Much tact was required - a political party, even one making much of its
hostility to "Bolshevism", which had "socialist" and "workers" in its
title, did not obviously commend itself to industrialists and bankers -
but enough businessmen were won over to pay for Hitler's non-stop
campaigning. In return, the donors were assured that economic policy
would not be radical and that the power of the trade unions would be
curtailed.

The Blairite offensive in the City of London had the same general
objective and was along the same lines. But in this case personal cards
were also played. Once Labour was in government, peerages and even
ministerial office were bestowed on some big subscribers. For some
multinationals the promise of a more Europhile policy was no doubt an
incentive. Money alone would not put Hitler into office. He also needed
to win over some of the political, military, and even cultural, elites.

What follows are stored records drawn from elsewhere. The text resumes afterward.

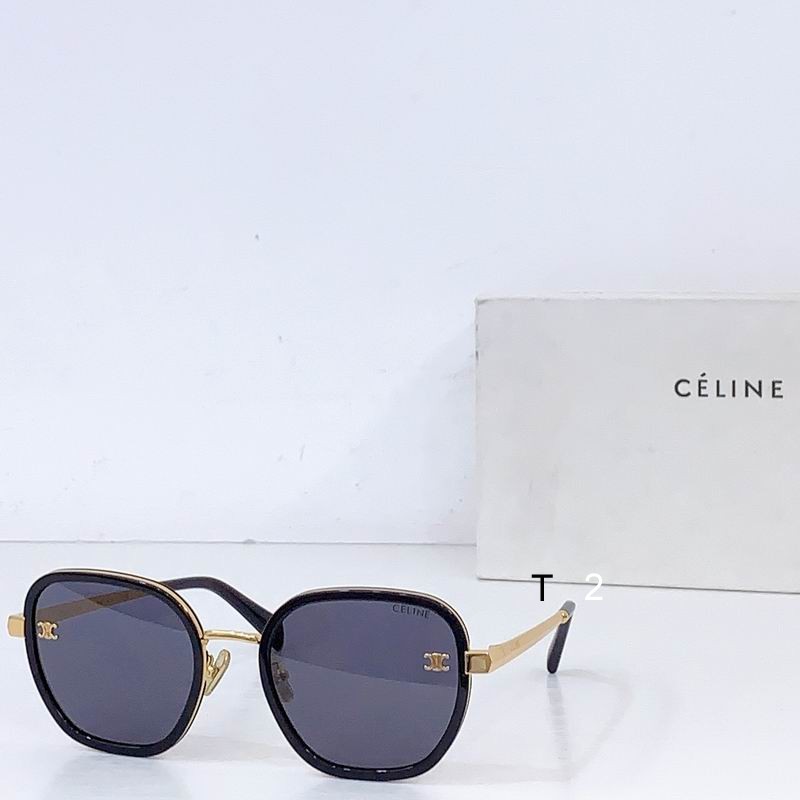 Celine Sunglasses ID:20260319-71
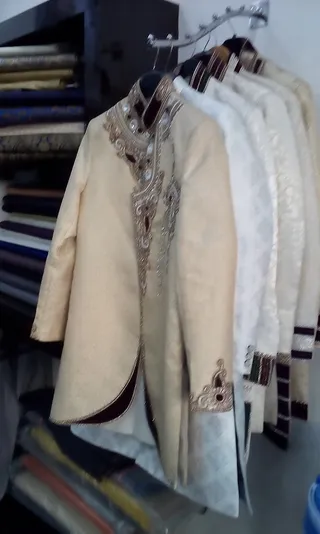 MASTER Tailor & Textile — photo 3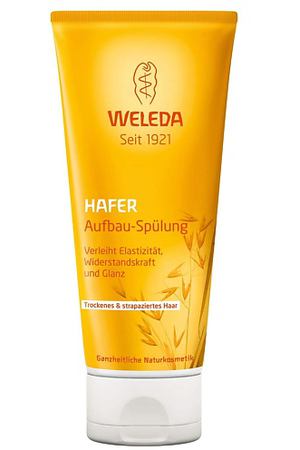WELEDA Кондиционер для волос Oat Replenishing Conditioner 200.0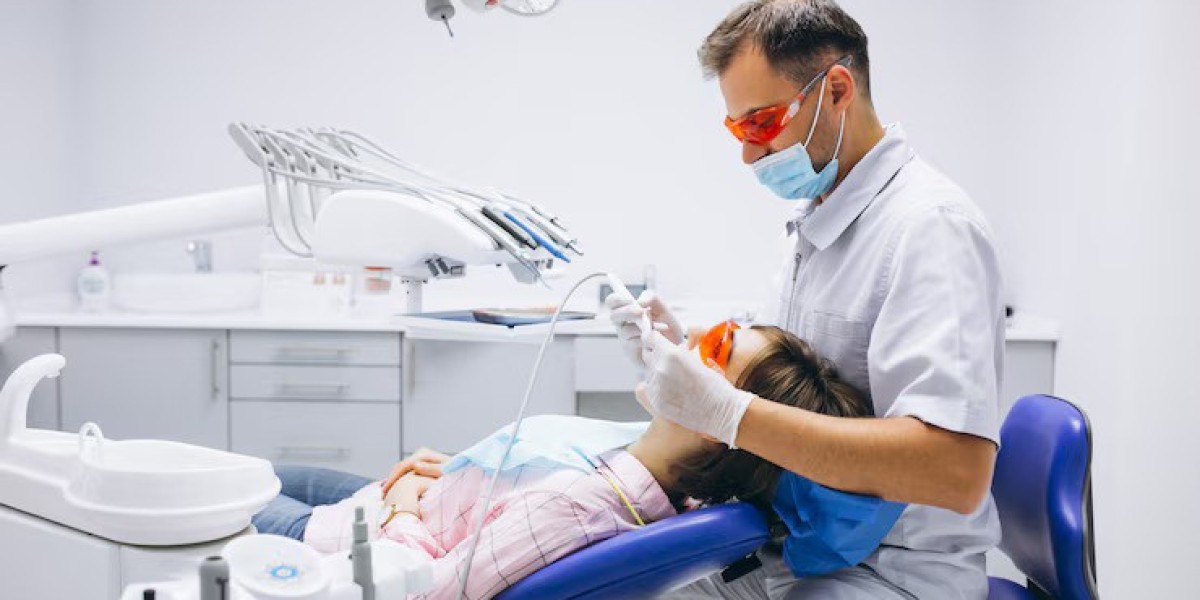 Why Regular Visits to a Dental Clinic are Crucial for Your Oral Health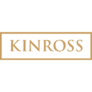 Logo Kinross Gold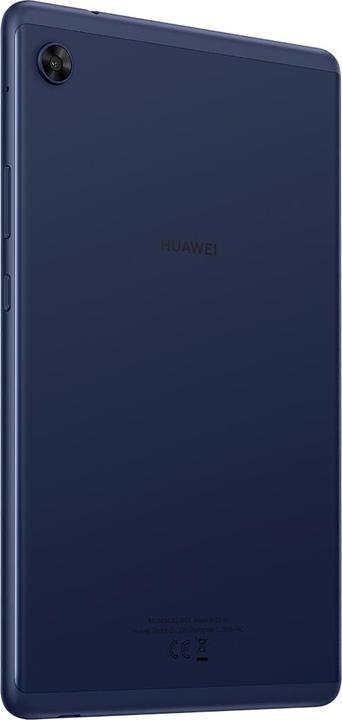 Produktbild Huawei MatePad T 8 (nur WLAN, 8", 16 GB, Deepsea Blue)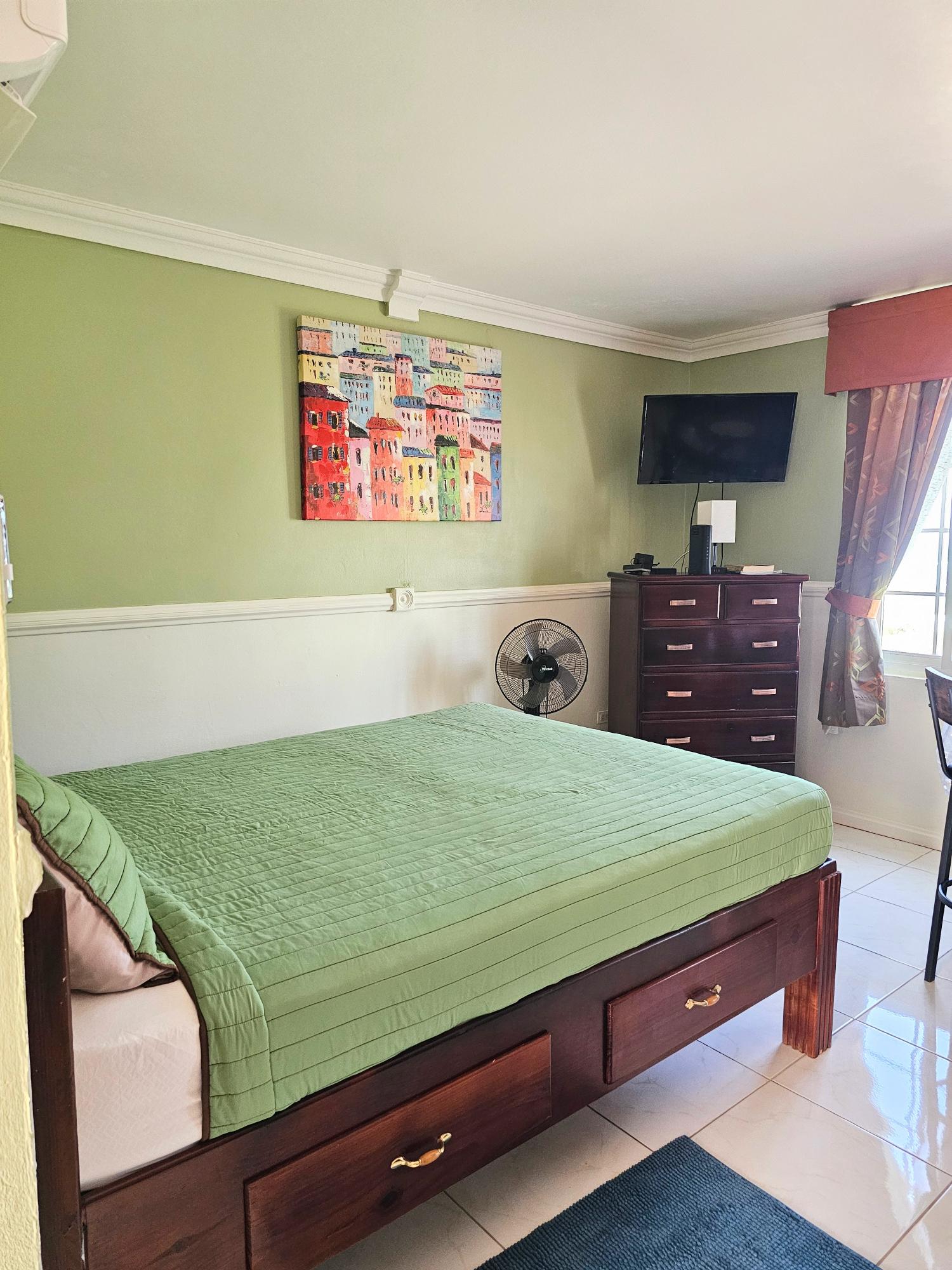Apartment For Rent: SEACASTLE, Montego Bay | $900 photo 12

Again radicalism had to be put into the background and the "vons" co-
opted. In the end he had to exact from Hindenburg the Chancellorship
nomination and the necessary powers to make it effective. The "Austrian
corporal" had to receive the field marshal's blessing. Once the
Government and the Reichstag were controlled by the Nazis, such allies
were needed only to assuage foreign fears while rearmament began. It was
therefore in the Diplomatic Service that the old elite retained their
usefulness. Even when Hitler needed the key post of the London Embassy
for a member of the Nazi gang, Ribbentrop had to be married to a fortune
and allowed to add a "von" to his name before the appointment could be
made.This Government's handling of Whitehall displays every bit as much
finesse in stroking the mandarin ego as the Nazis ever deployed.